Stored Program Computers and Modern CPUs

In the begining, logic and control were pretty much completely distinct from data.  In [tabulating machines, the data was on cards, and the programming was done by jumpers stored as jumper frames.  Then when electronic computers were being developed and data stored electronically, it was realized that the logic and controls could be represented as data and stored in memories right alongside the data.  Architecturally it might be worthwhile to treat each store differently but in principle they can be in one unified memory store. Regardless, code is data, we load binary machine codes from data store to ready them to run, so at some point the system is told to tread this data as code and it can execute on the hardware. Along the way many architectural variations have been tried, but architects have come to rely on the principle that the simpler and more consistent your architecture the better.  The most popular microprocessors have had word sizes of (power of 2) multiples of 8 bits.  Generation zero had 8 bit registers and 16 bit addresses, and sometimes had extended 16 bit operations.  The emergence of the 32 bit architecture was a bit of a watershed.  A 32 bit byte address can access 4Gbytes directly, which is more than big enough for most problems.  Currently, the state of the art is 64 bit words and addresses which covers more memory that we can build for the forseable future.  You could put a 64 bit processor on an SoC, but mostly it would be overkill.  Better to leave all that chip real estate for other useful functions.
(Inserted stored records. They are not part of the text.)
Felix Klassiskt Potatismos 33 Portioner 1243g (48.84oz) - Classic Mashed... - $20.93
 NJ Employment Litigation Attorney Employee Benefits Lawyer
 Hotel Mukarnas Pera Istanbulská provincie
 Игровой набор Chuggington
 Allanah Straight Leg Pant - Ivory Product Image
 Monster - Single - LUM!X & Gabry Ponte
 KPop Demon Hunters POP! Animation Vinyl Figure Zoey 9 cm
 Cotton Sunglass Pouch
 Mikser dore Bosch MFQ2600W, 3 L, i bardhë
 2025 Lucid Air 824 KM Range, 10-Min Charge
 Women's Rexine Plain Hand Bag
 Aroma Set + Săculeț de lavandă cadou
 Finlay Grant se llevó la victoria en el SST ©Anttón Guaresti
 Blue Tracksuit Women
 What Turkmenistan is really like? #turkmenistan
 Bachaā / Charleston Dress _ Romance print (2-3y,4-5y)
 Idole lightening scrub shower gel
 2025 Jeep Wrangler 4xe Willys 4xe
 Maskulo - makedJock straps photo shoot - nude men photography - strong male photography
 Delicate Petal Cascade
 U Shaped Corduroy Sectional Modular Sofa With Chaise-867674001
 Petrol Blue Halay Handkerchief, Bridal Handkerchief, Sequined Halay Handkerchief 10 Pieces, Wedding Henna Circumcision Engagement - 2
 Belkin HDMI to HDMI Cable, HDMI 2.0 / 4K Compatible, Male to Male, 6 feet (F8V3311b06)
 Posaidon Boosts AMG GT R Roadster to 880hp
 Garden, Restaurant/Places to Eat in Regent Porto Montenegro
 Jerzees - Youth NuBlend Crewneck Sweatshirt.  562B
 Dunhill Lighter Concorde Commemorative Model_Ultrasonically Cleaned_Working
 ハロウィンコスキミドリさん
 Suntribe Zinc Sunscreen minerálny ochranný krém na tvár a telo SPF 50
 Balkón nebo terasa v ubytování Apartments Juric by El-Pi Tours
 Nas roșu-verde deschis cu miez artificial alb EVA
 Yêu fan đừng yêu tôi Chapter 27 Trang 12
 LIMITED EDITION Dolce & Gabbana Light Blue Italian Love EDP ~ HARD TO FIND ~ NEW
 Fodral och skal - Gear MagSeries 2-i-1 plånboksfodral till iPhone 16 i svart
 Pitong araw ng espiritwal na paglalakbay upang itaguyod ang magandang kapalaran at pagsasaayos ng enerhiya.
A Word about Virtualization

In NAND to Tetris, a whole layer of their abstraction called "Virtual Machine" is the target of high level language. While the concept of the virtual machine is actually key to how we can change a lot of the hardware details and still run pretty much the same software, the VM in their architecture stack is really a specific concept in high level language design that first became widespread with the Java language. The tools for that course are actually implemented in Java, so it is a natural fit, but I want to emphasize that the concept of virtualization is much more general.

The original virtual machines are the mathematecal abstractions created by Church and Turing to model computation mathematically. It is worth studying their work in detail but even more important are the general results about computation that these two model are first equivalent, they express the same idea of computation and that there are hard theoretical limits to computability that are very much parallel to Gödel's work on the completeness of mathematics. The Church model is interesting in how it doesn't really even reference hardware expression while the Turing model is practically a physical model of computation. The implecation is that the Church model doesn't fully express the costs of computation. In the Turing model you can ask how much tape a run uses or how many steps does it run, how many states in the controller, and so on. You can only formulate these questions about Church computations after considering implementations in some depth. And yet they are shown to be equivalent.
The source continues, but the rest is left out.